## WORK TASK
This task calls for the lines below starting at the one containing "Metatron's Cube with" and ending at the one containing "BAMBOO-TENCEL MICRO CHECK SHIRT CLASSIC FIT", repeated exactly with both ends kept and pictures left out.
══ PROVIDED ENTRIES ══
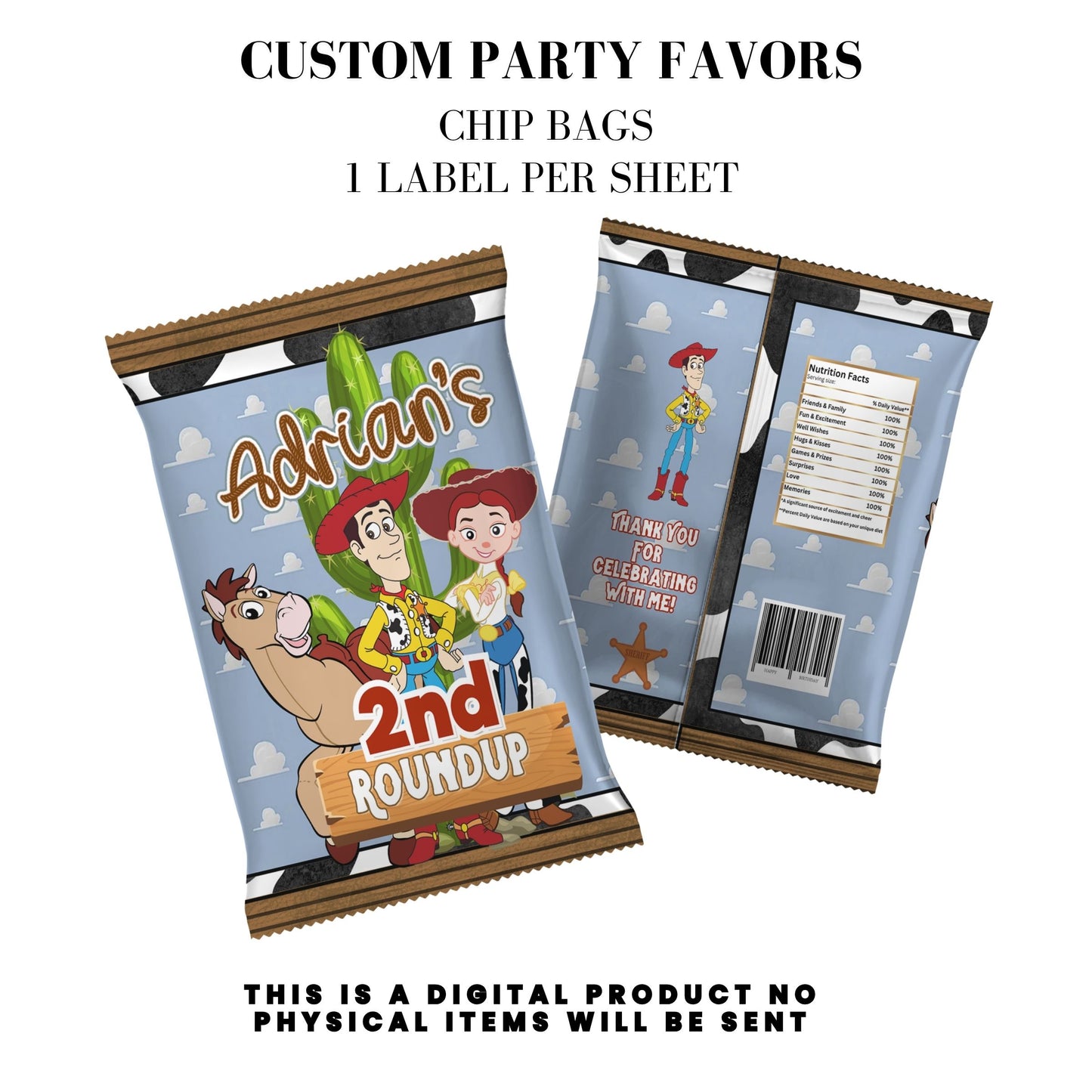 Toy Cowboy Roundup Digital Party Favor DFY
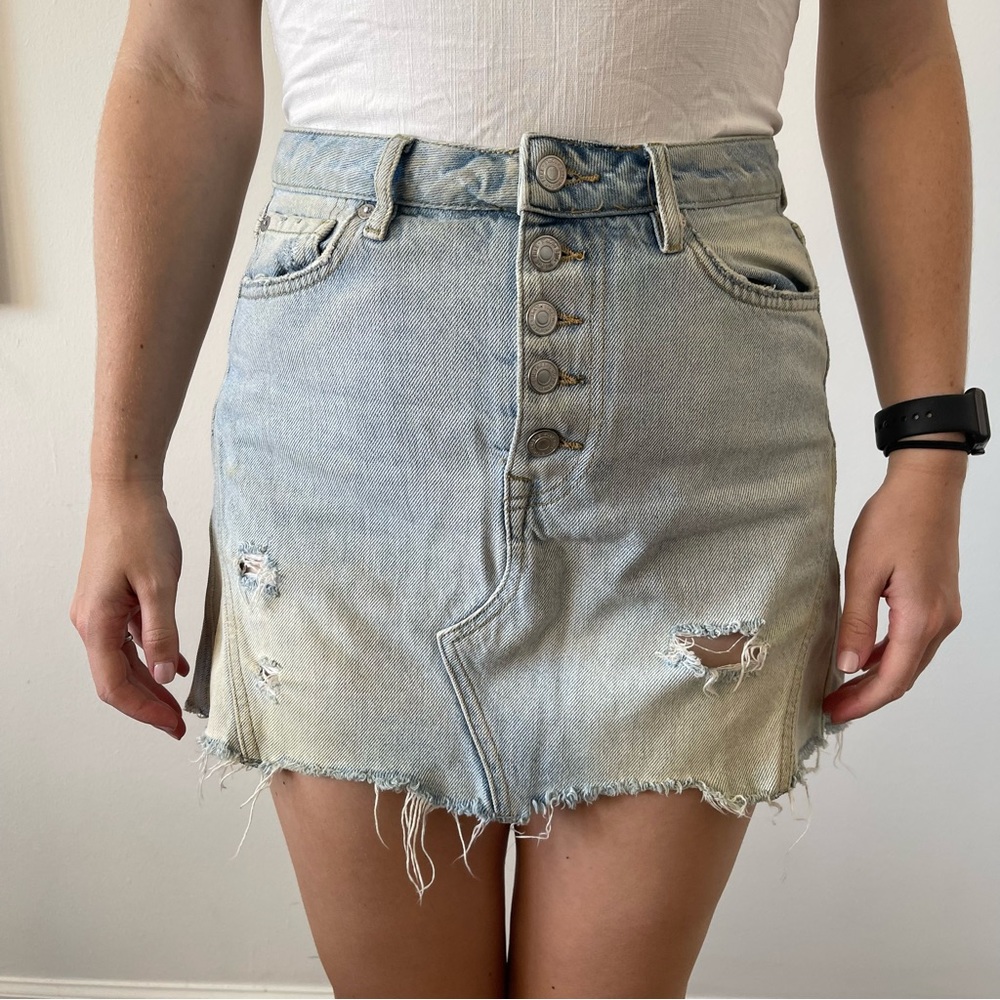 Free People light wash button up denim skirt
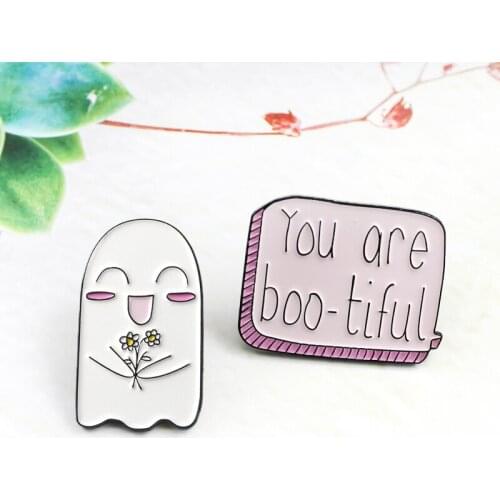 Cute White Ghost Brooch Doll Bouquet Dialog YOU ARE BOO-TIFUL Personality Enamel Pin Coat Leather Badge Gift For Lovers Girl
═══
══ PROVIDED ENTRIES ══
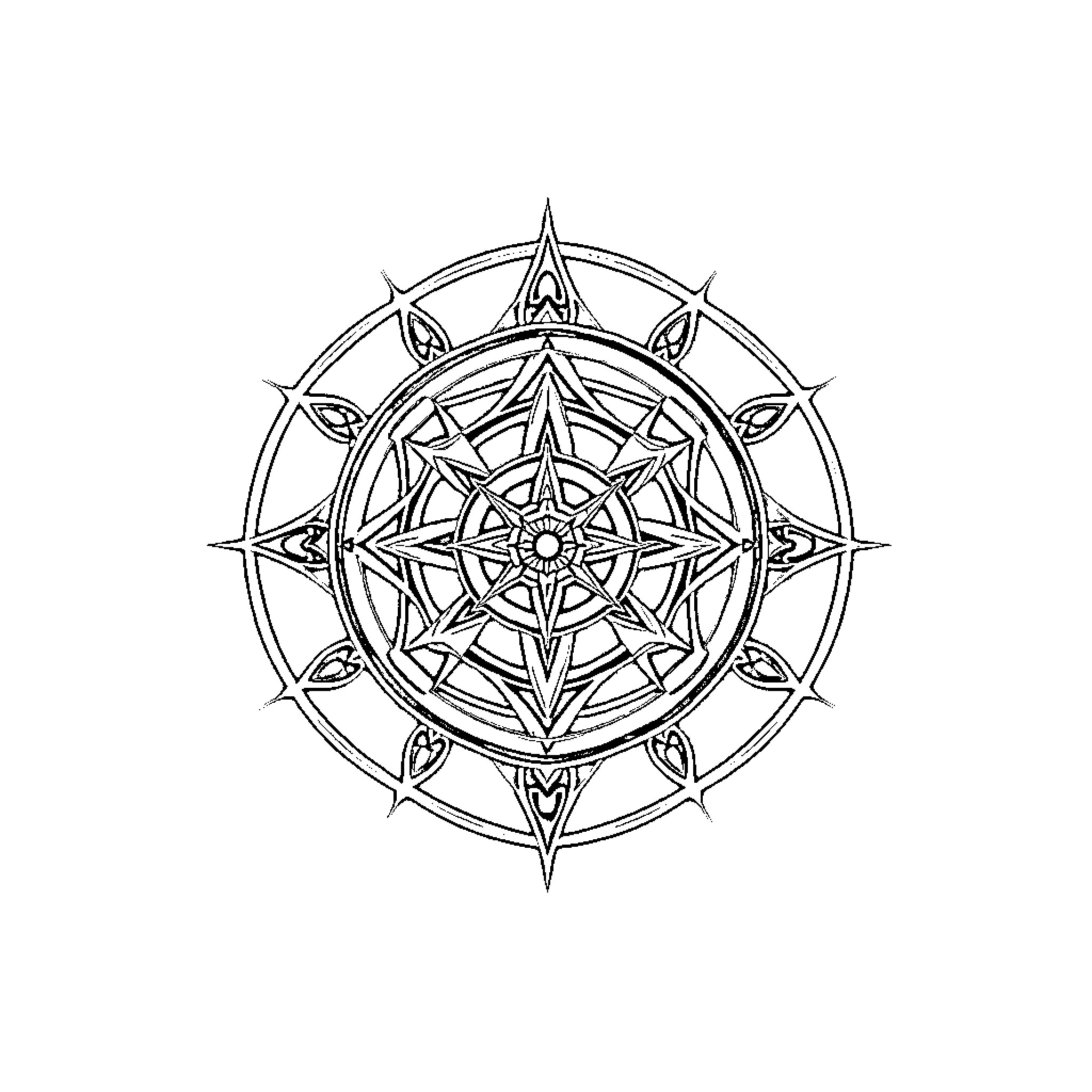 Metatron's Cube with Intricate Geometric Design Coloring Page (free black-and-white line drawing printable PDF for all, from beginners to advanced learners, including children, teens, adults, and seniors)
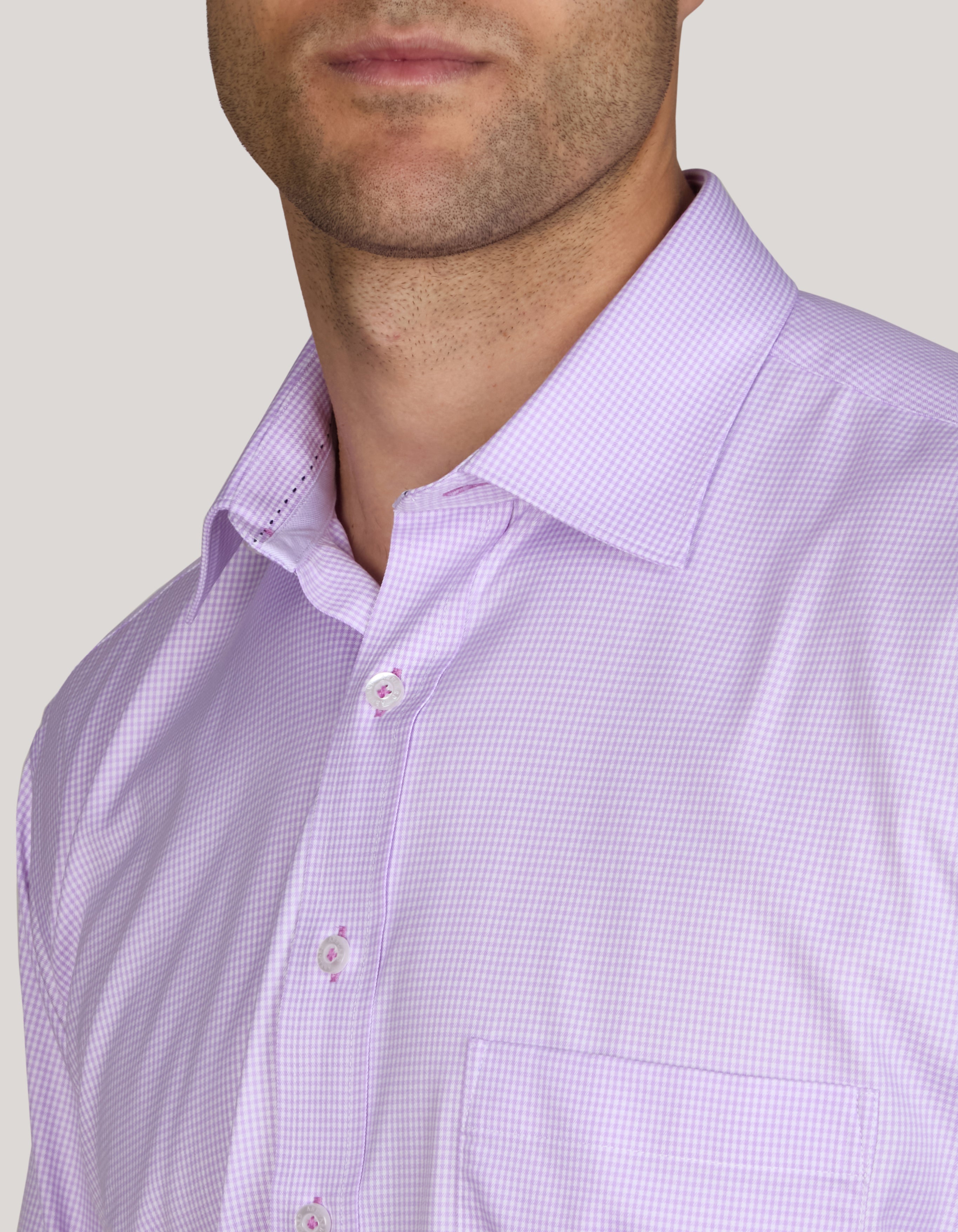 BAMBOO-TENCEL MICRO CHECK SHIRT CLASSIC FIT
═══
══ PROVIDED ENTRIES ══
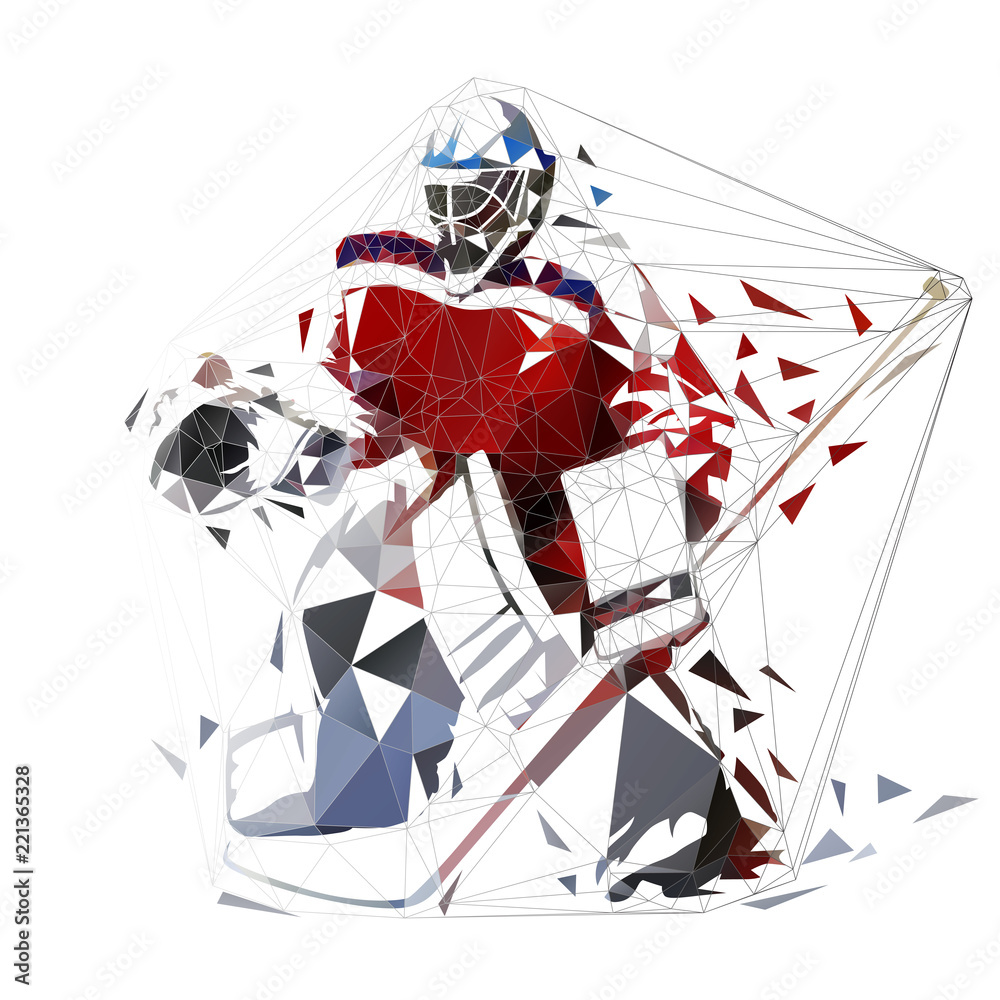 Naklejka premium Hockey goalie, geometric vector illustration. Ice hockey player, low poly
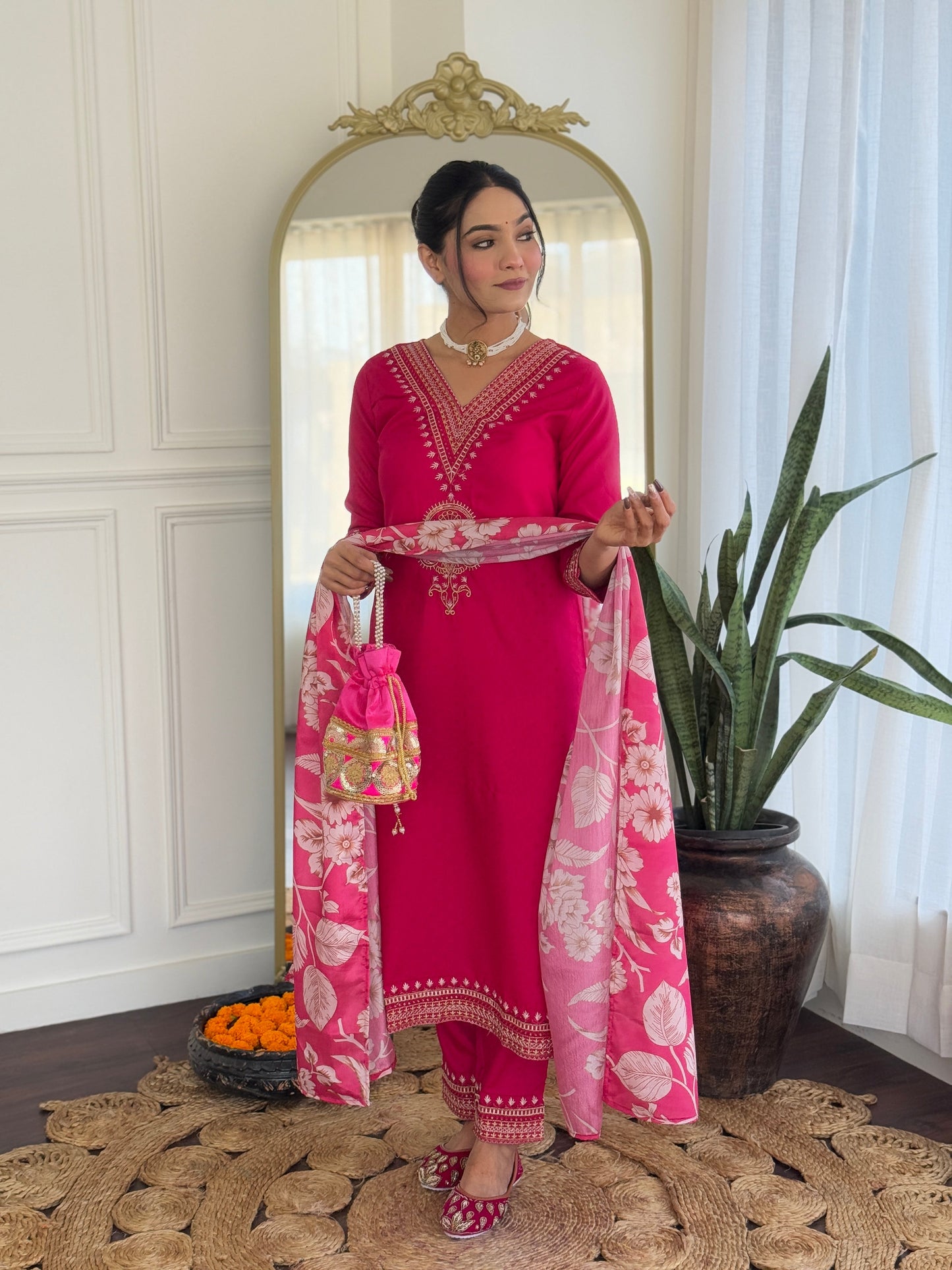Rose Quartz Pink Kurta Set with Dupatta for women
═══
## RESPONSE AREA
 Metatron's Cube with Intricate Geometric Design Coloring Page (free black-and-white line drawing printable PDF for all, from beginners to advanced learners, including children, teens, adults, and seniors)
 BAMBOO-TENCEL MICRO CHECK SHIRT CLASSIC FIT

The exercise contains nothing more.